McGrath’s 7:84 Theatre Company (so called because 84% of Scotland’s wealth is held by 7% of the population) toured small venues in the Highlands with the play that compared the Clearances and ownership of land by the gentry with the hot topic of US ownership of Scotland’s oil fields, wondering why the country always seems to be under someone else’s rule.
Starring Bill Paterson, Alex Norton and John Bett, the TV version was directed by John Mackenzie (The Long Good Friday) and filmed in Dornie Village Hall, combining music, comedy and dramatic readings to tell its tale.
The BBC version adds in specially-filmed reconstructions of events told in the play, plus interviews with people affected by events in present-day Scotland.
It was back in 2009 that I first had the opportunity to watch it at the BFI Mediatheque in London, a screening that made me wonder why such an energetic and challenging drama couldn’t be seen by a wider audience.
Despite the occasional screening at Edinburgh’s Filmhouse (and one that I organised in Dornie in 2013 on the Screen Machine, with an appearance by Bill Paterson), and a one-off repeat on BBC ALBA back in 2012, Cheviot… has until now remained frustratingly out of reach for most people keen to see it.
This new Blu-ray release (a DVD is coming soon) from Panamint Cinema presents a new 2K scan of the original film elements, and the film’s looking good for its age.
The exterior sequences come off best from the new transfer, with the interior of Dornie Village Hall still looking like, well, a village hall, albeit with some impressive set decoration.
While the BBC’s decision to film new scenes undoubtedly gives the film some added heft, it’s debatable whether the interviews with real Aberdonians trying to find a new home in a city overrun with oil workers works as well, the switch to documentary jarring slightly.
The reason The Cheviot, the Stag and the Black, Black Oil still works is undoubtedly down to the exuberant performances of the 7:84 company themselves, with Paterson, Norton and Bett ably aided by Elizabeth MacLennan, Dolina MacLennan and others as they dance, sing and enter into fast-paced comedy routines.
The play is as resonant in 2017 as it was in the 1970s, particularly as Scotland’s leaders look set to ignite a new wave of Nationalism with calls for another independence referendum.

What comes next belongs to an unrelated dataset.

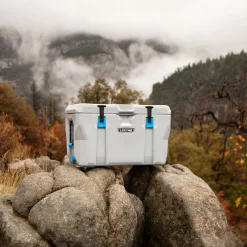 Kühlbox Premium 73 L 47x76x47cm Grau^Lifetime New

Interestingly, while Cheviot… would seem to be perfect viewing for anyone keen to see the Scots have more power over their own destiny, John McGrath maintained he wasn’t happy with the play being seen as supporting the SNP cause.
Whatever your politics, the release of The Cheviot, the Stag and the Black, Black Oil is one to be supported and deserves to sit on the shelf alongside other classic Scottish TV and film productions.